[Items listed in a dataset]
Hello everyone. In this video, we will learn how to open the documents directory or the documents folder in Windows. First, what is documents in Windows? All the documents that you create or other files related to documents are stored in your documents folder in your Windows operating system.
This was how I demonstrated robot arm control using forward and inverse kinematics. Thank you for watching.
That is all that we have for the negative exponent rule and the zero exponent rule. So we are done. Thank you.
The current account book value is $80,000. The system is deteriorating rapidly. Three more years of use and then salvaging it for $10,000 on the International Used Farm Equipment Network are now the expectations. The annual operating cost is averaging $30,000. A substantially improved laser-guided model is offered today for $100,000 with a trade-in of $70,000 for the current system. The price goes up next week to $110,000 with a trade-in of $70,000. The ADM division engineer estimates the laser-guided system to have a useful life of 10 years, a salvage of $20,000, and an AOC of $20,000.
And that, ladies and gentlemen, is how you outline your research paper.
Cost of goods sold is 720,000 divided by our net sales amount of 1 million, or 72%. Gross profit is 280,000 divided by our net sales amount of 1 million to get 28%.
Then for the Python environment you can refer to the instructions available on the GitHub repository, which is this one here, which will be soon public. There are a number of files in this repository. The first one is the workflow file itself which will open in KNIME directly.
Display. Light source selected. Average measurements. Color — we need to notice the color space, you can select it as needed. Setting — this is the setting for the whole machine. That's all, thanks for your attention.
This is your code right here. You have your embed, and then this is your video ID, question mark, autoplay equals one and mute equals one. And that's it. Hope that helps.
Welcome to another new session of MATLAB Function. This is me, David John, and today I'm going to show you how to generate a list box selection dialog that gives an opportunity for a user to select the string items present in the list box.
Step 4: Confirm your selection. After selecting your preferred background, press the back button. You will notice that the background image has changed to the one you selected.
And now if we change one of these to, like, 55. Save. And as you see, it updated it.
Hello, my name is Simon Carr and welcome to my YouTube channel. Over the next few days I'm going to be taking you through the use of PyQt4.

▶ _WHAT THIS TASK INVOLVES_
A verbatim copy of every record is what you should return.

▶ _COMPLETED TASK_
Hello everyone. In this video, we will learn how to open the documents directory or the documents folder in Windows. First, what is documents in Windows? All the documents that you create or other files related to documents are stored in your documents folder in your Windows operating system.
This was how I demonstrated robot arm control using forward and inverse kinematics. Thank you for watching.
That is all that we have for the negative exponent rule and the zero exponent rule. So we are done. Thank you.
The current account book value is $80,000. The system is deteriorating rapidly. Three more years of use and then salvaging it for $10,000 on the International Used Farm Equipment Network are now the expectations. The annual operating cost is averaging $30,000. A substantially improved laser-guided model is offered today for $100,000 with a trade-in of $70,000 for the current system. The price goes up next week to $110,000 with a trade-in of $70,000. The ADM division engineer estimates the laser-guided system to have a useful life of 10 years, a salvage of $20,000, and an AOC of $20,000.
And that, ladies and gentlemen, is how you outline your research paper.
Cost of goods sold is 720,000 divided by our net sales amount of 1 million, or 72%. Gross profit is 280,000 divided by our net sales amount of 1 million to get 28%.
Then for the Python environment you can refer to the instructions available on the GitHub repository, which is this one here, which will be soon public. There are a number of files in this repository. The first one is the workflow file itself which will open in KNIME directly.
Display. Light source selected. Average measurements. Color — we need to notice the color space, you can select it as needed. Setting — this is the setting for the whole machine. That's all, thanks for your attention.
This is your code right here. You have your embed, and then this is your video ID, question mark, autoplay equals one and mute equals one. And that's it. Hope that helps.
Welcome to another new session of MATLAB Function. This is me, David John, and today I'm going to show you how to generate a list box selection dialog that gives an opportunity for a user to select the string items present in the list box.
Step 4: Confirm your selection. After selecting your preferred background, press the back button. You will notice that the background image has changed to the one you selected.
And now if we change one of these to, like, 55. Save. And as you see, it updated it.
Hello, my name is Simon Carr and welcome to my YouTube channel. Over the next few days I'm going to be taking you through the use of PyQt4.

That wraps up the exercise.